Book: French Women Don’t Get Fat by Mireille Guiliano
Genre: Self help
Publisher: Borzoi Books
Publication date: 2005
Pages: 263
Source: Library
Summary: The French paradox: dine on Duck à l’Orange and goat cheese, eat chocolate and croissants, and drink wine and champagne while staying slim and healthy. Mireille Guiliano, president and CEO of the U.S. affiliate of champagne producer Clicquot, splits her time between Paris and New York and is in the perfect position to explain this apparent contradiction.
Thoughts: The first time I read this book, I got as far as page 4:
In America as an exchange student, I suffered a catastrophe that I was totally unprepared for: a twenty-pound catastrophe. It sent me into a wilderness from which I had to find my way back.
At the time, I was 70 pounds overweight and I was pretty sure that I had nothing to learn from someone who considered 20 pounds a catastrophe. You have no idea, lady, was my thought and I sent the book packing back to the library.

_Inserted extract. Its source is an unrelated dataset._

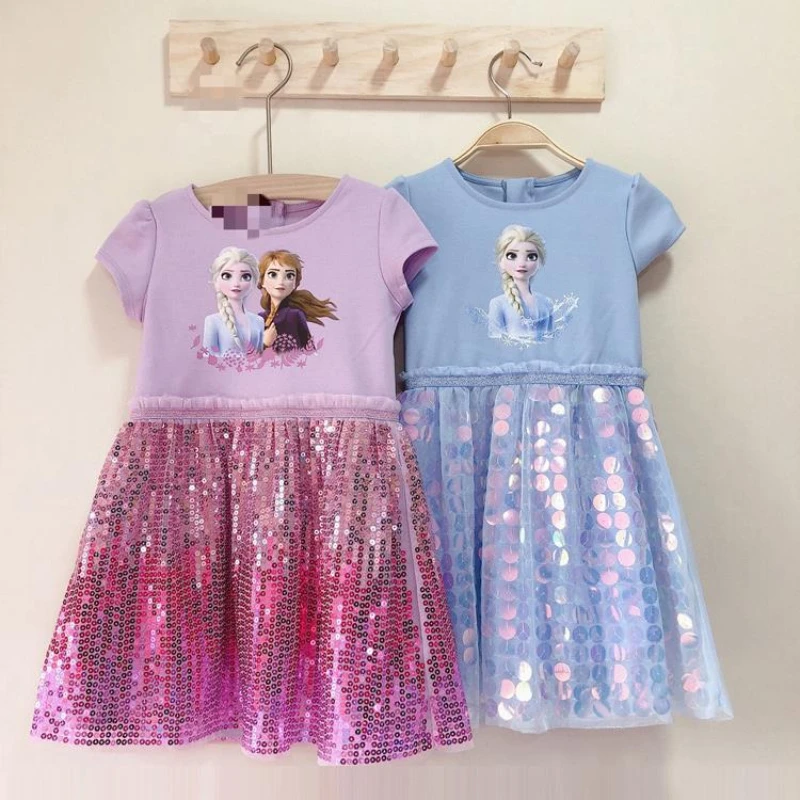 Ice and Snow Romance Dresses Summer Hot Saled Sweet Elsa Comfortable Baby Dress Elsa Pure Cotton Short Sleeved Baby Girl Clothes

As I am preparing to go to France in late May, however, I thought this might be a good time to give this book another try. I really want to leave for France at the low end of my maintenance range but on April 1, I was hovering above the top end of my maintenance range. Oops. Now, with a goal of about five pounds to lose, French Women Don’t Get Fat seemed more appropriate.
The first phase is to simply write down everything you eat for three weeks. Don’t worry about measuring or calories. This is just some data to analyze. I didn’t need the data, but this helped me step back and accept a couple of realities that I’d been trying to deny.
1. A serving of bread is one slice and that’s all I need at a time. When my bread first comes out of the bread machine, it’s impossible to slice it thin. One slice is plenty, especially if I eat it slowly and appreciate it in the French way. If I really want a sandwich with two slices, I can use the previous loaf and make very thin slices. I rarely eat sandwiches anyway; they are just my excuse for believing that a serving is two slices.
2. Three balanced meals a day with one or two small snacks works best for me. The Game On Diet, I’m afraid, gave me a bad habit with its concept of five small meals a day. Now, I feel entitled to five meals a day, but they’ve grown over time! Guiliano in French Women Don’t Get Fat advises to not allow yourself to get hungry, but I think that’s better advice for people who aren’t recovering overeaters. For me, the best advice came from the books by Judith Beck (Book Review: The Beck Diet Solution by Judith S. Beck): hunger is not an emergency. If I’m hungry in the early evening, it doesn’t mean it’s time for a snack, it means it’s time to get supper started.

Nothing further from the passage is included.